Alternatively, you can install Beats on several remote servers, then configure Logstash to collect and parse the data from the servers. That data is sent to Elasticsearch and then becomes visible in Kibana.

There are different Beats applications. You can install one or multiple Beats.

      • Filebeat – Reads and ships system logfiles. It is useful for server logs, such as hardware events or application logs.
      • Metricbeat – Reads metric data – CPU usage, memory, disk usage, network bandwidth. Use this as a supercharged system resource monitor.
      • Packetbeat – Analyzes network traffic. Use it to monitor latency and responsiveness, or usage and traffic patterns.
      • Winlogbeat – Ships data from the Windows Event Log. Track logon events, installation events, even hardware or application errors.
      • Auditbeat – A supercharged version of Linux auditd. It can interact directly with your Linux system in place of the auditd process. If you already have auditd rules in place, Auditbeat will read from your existing configuration.
      • Heartbeat – Displays uptime and response time. Use this to keep an eye on critical servers or other systems, to make sure they’re running and available.
      • Functionbeat – Ships data from serverless or cloud infrastructure. If you’re running a cloud-hosted service, use it to collate data from the cloud and export it to Elasticsearch.

ELK Stack Use Cases

So, what’s the point of collecting, sorting, and displaying all this data? Log monitoring gives insight into how your resources are performing.

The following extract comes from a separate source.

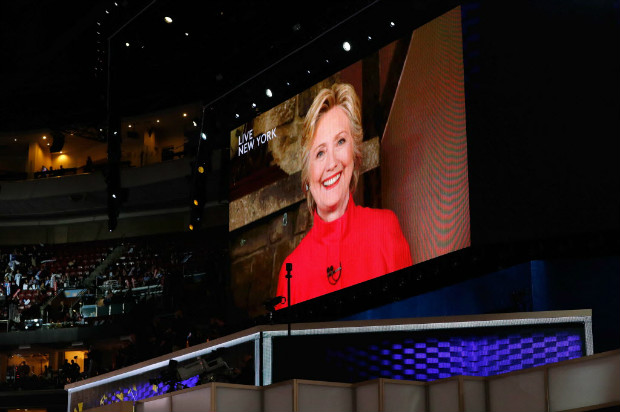 Telo mostra a candidata democrata  Casa Branca, Hillary Clinton, agradecendo a seus eleitores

      • For example, data might indicate that one server is overloaded with traffic. You could implement a load-balancing application (like Nginx) to shift traffic to other servers.
      • Alternatively, you might find that network traffic patterns favor some web pages more strongly than others. This helps you discover which web pages are more relevant or useful to visitors.
      • You might monitor user account activity. A pattern of attaching a storage device might indicate a user account permission problem. Multiple failed login attempts might indicate an attempt to breach the system.
      • If you’re deploying a new application, you can monitor errors for that application. These can help quickly identify areas to fix bugs or improve application design.

Elastic Stack generates data that you can use to solve problems and make sound business decisions.


In this Elk Stack Tutorial, you learned the basics of the Elastic Stack, how it is used, what it is used for, and its components.

Review the use cases, and consider trying out the ELK stack.